When we think of shame as one of just a few primary emotions, we can develop a shame continuum of all the different ways shame manifests and all the different words people use to describe it, from “embarrassed” and “shy” through “stupid” to “humiliated” and “worthless.” On such a continuum, we can actually see guilt as a particular form of shame. Donald Nathanson, in his book Shame and Pride, has a diagram of reactions to shame. Sheila Rubin and I have expanded that diagram and added an extra and unique reaction. That is the reaction of “healthy shame,” which I wrote about in the previous email. Healthy shame involves looking at shameful incidents with compassion for self and others, seeing the big picture, taking responsibility for your part of what went wrong and having humility—a sense of your limitations as an imperfect human being.
When a client uses the word “guilt,” I suggest, as an experiment, he or she replace it with the word “shame.” When I suggested this to Valerie, she wanted to try it immediately. As she said “I feel so ashamed of what I did,” she began to cry. Valerie's mother had died several years before, soon after her hospitalization. Valerie had worked hard on getting rid of her “guilt,” but it was always with her. Others had told her it was not her fault, it wasn't her obligation to stay at her mother's house, but it had had no effect. When she used the word “shame,” she began to encounter the depth of her feelings. “I do, I do, feel ashamed,” she said. “I shouldn't have left her on her own. I was a bad daughter.”
In the next session, I explained the concept of healthy shame. Then I said, “You weren't perfect. You made a mistake. It turned out to be a terrible mistake. That's what happened. You do bear some responsibility for what happened. But that wasn't your intention. You were trying to take care of yourself, not hurt her.”
I spoke strongly, calling Valerie’s action “a terrible mistake” to match in some way her feelings about it. I did not want her to think I was sugar-coating or dismissing an action that felt so wrong to her. I made the distinction between outcome and intention. So much of what happens—what we do or what others do—that causes harm is not intended. So— both the harm that is done and the good (or at least neutral) intentions need to be mentioned in order to help the client get the complexity of the situation.

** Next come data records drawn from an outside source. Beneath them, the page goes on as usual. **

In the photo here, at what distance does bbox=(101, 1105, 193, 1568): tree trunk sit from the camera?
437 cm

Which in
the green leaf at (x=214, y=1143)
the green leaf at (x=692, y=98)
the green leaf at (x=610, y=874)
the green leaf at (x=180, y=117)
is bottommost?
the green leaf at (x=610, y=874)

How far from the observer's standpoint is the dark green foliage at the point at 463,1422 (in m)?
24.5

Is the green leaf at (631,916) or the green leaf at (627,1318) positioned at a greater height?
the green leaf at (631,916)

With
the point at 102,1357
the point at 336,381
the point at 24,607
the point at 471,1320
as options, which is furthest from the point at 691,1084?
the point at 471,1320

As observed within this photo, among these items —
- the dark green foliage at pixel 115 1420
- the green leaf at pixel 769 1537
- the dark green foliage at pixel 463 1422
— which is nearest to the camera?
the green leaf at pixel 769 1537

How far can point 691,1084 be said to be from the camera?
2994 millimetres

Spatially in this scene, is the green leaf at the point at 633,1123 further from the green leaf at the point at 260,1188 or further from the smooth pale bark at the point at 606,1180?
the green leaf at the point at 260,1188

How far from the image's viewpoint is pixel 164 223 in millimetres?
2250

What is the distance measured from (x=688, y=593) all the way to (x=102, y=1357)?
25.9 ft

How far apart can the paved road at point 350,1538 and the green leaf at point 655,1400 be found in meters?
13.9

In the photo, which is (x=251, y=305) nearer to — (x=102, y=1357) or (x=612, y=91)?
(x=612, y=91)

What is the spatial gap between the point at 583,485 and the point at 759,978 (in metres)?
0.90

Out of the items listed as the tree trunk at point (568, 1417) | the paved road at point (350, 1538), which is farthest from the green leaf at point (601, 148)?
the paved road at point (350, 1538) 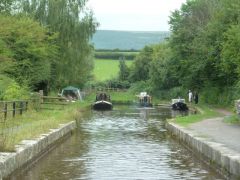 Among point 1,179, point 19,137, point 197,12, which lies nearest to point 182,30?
point 197,12

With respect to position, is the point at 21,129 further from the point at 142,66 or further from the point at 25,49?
the point at 142,66

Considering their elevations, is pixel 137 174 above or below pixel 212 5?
below

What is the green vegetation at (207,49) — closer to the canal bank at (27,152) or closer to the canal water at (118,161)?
the canal water at (118,161)

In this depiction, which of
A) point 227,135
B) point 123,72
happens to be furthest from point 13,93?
point 123,72

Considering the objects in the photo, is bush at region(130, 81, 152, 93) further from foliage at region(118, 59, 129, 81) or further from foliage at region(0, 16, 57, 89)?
foliage at region(0, 16, 57, 89)

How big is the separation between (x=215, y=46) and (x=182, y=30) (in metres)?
10.1

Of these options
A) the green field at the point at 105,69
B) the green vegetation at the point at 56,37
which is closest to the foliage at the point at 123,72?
the green field at the point at 105,69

After I finished speaking, Valerie looked at me with interest. “You think I had good intentions, even though something so bad happened.”
“I do.”
“I was just trying to take care of myself. I wasn’t trying to hurt her.”
We sat together in silence.
That was the beginning of Valerie being able to come to terms with what happened. In later sessions, we looked at the reasons she wanted to stay in a hotel—the difficult dynamic between her and her mother. We unpacked her thought process and how she had made her decision. There was room for her to express her grief for her mother, which had been overshadowed (bound) by the shame. And she was able to see herself as a wellmeaning person who had unintentionally caused pain, which helped her move on with her life. In the way I understand it, Valerie had moved from toxic shame, which kept her stuck and suffering, to healthy shame, which allowed her to see herself as a flawed human being and reengage with life.
Norm did not resonate with the word “shame.” “No, I'm not ashamed. I just feel guilty, that's all.” So we worked with “guilt.” After about six months, Norm came in one day and said, “You know, I realized something. I don't want to talk to my father because he's always putting me down. He shames me. When I get off the phone, I feel ashamed.” After trying to use the term “shame” a few times, I had dropped it, only to see Norm come to it on his own.
There are clients who never get comfortable with the word “shame,” so I use whatever words work for them. But for some clients, using the word shame instead of guilt—or fear—can open up a door to deeper self-understanding and resolution. *Names have been changed to protect client privacy.